岩に登りどうにか猪から逃れたと思ったら、岩が動き始めた。岩は巨大なヤシガニの魔物だったらしい。しがみついていたが、あっさり落ちてそのまま気を失った。
「悪くない」
再び浜辺の焚き火のそばに俺は寝かされていて、カヒマンの声で起きた。
「魔物は?」
「倒した」
深夜にも関わらず、アラクネやラミアの姉さんたちが巨大ヤシガニの解体作業をしている。

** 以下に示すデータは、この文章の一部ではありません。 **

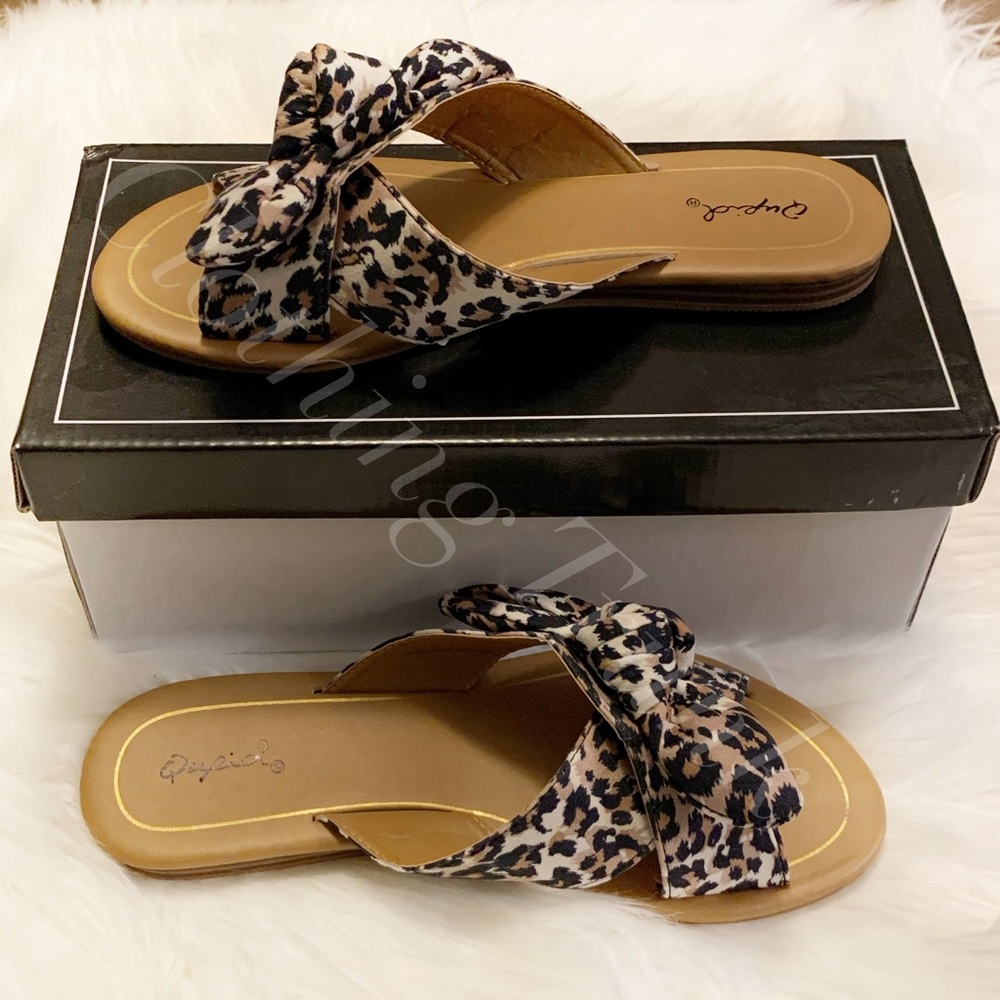 NIB Women’s Leopard Bow Slide Sandals | Qupid | Animal Print Slip-On Shoes - Picture 6 of 15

「なにが悪くないんですか? 俺はまた死にかけましたよ」
「だからさ。魔境では運が悪いほうがいい。このまま運が悪いと悪くない」
「え? どういう……」
カヒマンの言っている意味がわからなかった。
「大丈夫。先輩を呼んだ」
「なにを……?」
理由のわからないことを言っているドワーフは放っておいて、自分の身体が異常をきたしていないか確認する。不思議なことに、全くと言っていいほど怪我をしていない。いや、怪我をしていたようだが、治っている。古い傷すら治っているのはどういうことだ?
「ダンジョンの引きこもりが出てきたって?」
突如、空から人が降ってきて、カヒマンに聞いていた。
「ああ、ほら」
カヒマンが俺を指さした。
「どれ?」
目の大きな鳥人族と呼ばれる種族の男が俺を見た。その大きな目ですべてを見透かされているような気がする。
「ああ、悪くないね」
この男もカヒマンのようなことを言う。
「名前は?」
「クロードです」
「そうか。リパだ。よろしく」
「よろしくお願いします」
なぜかカヒマンの先輩と聞いて、頭を下げてしまった。
「コボルトかい? 手先が器用そうだけど」
「はい。あの、力仕事よりは得意だと思います」
「そうか……。ダンジョンではほとんど職人仕事をしていたかい? 魔法の特性もあったりはしないかな?」
「職人仕事と言うか、工作を少し。魔法はほとんど使えません。砂煙を出すようなことくらいしか」
「土魔法だな。種族特性かもしれない」
「闘技会には出す?」
カヒマンがリパに聞いていた。
「ん~、1週間後だ。ヤバいかもしれない」
「そうなの?」
「マキョーさん付きにピッタリだ」
「それはヤバい」
「なにが?」
思わず俺は二人に聞いてしまった。
「少し強くならないとまずいかもしれない」
「でも、俺としては手先の作業のほうが……」
「それはわかる。でも、そっちでもある程度、死なないようにしておかないとな」
「……え!?」
空の三日月は笑っているのに、俺の頭には黒い靄がかかっていた。